- **Your assignment**
Your output should be the lines from the one containing "BombayStores's tweet photo." through the last line below, both ends included, exactly as written and free of pictures.
--
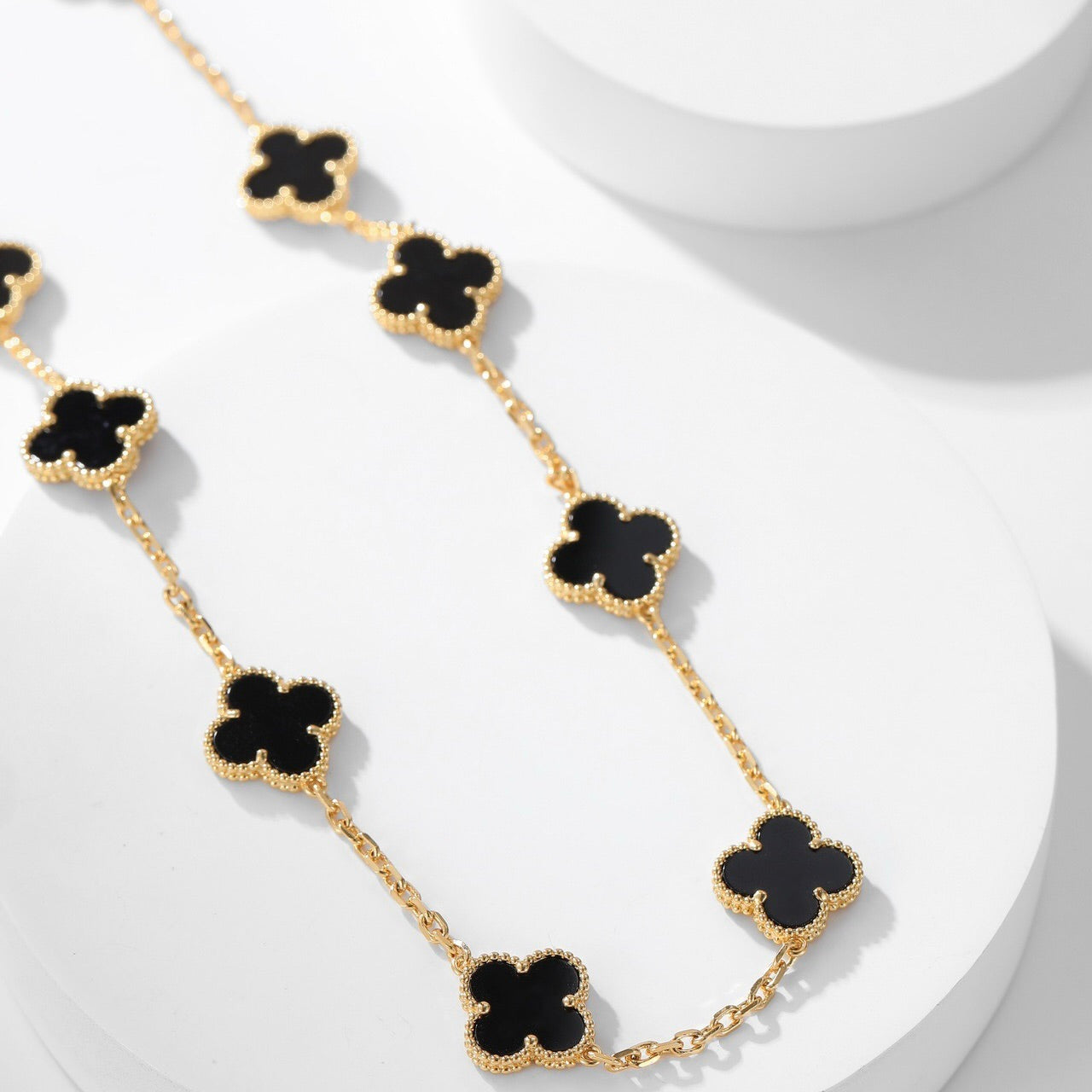 „Glow Jewelry“ KLEE-KETTE MIT 10 MOTIVEN AUS ONYX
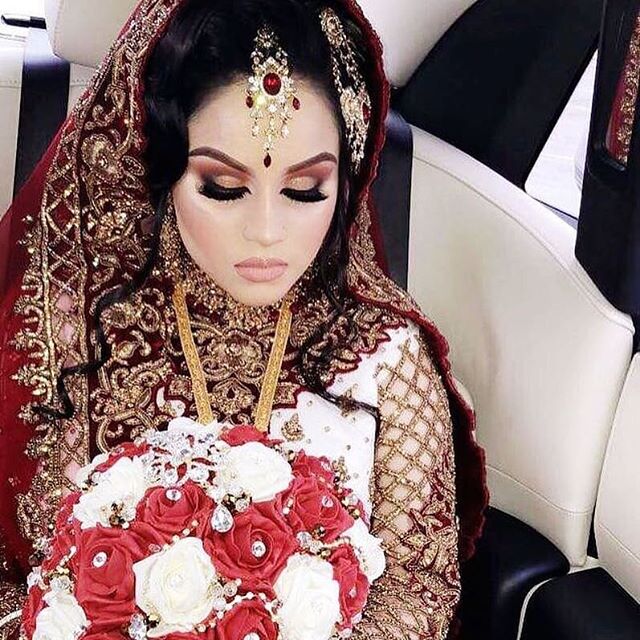 BombayStores's tweet photo. Repost from m.r.s._ahmed 

 #BombayStores #Bradford #bengalibride #whitedress #instagrambrides #bridalblog #gold #love #weddingday #regalbride #traditionalbride #blessed #marriedtomybestfriend #2018bride #alhamdulillah https://t.co/1fytL8maLn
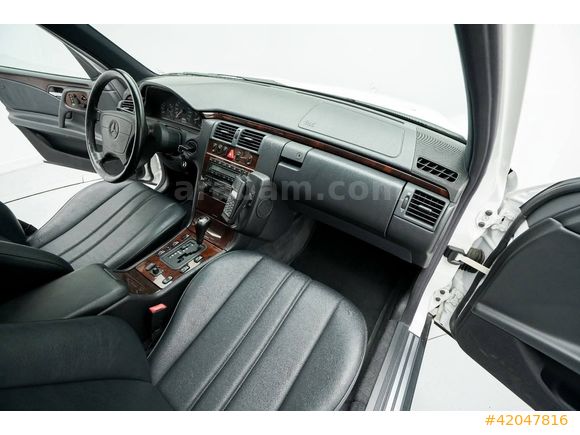 CarMall Otomotiv'den EMSALSİZ temizlikte E200 Elegance
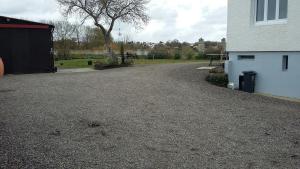 a gravel driveway next to a house with a picnic table at Les chataigniers in Apremont +3 photos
--
- **Reply to the task**
 BombayStores's tweet photo. Repost from m.r.s._ahmed 

 #BombayStores #Bradford #bengalibride #whitedress #instagrambrides #bridalblog #gold #love #weddingday #regalbride #traditionalbride #blessed #marriedtomybestfriend #2018bride #alhamdulillah https://t.co/1fytL8maLn
 CarMall Otomotiv'den EMSALSİZ temizlikte E200 Elegance
 a gravel driveway next to a house with a picnic table at Les chataigniers in Apremont +3 photos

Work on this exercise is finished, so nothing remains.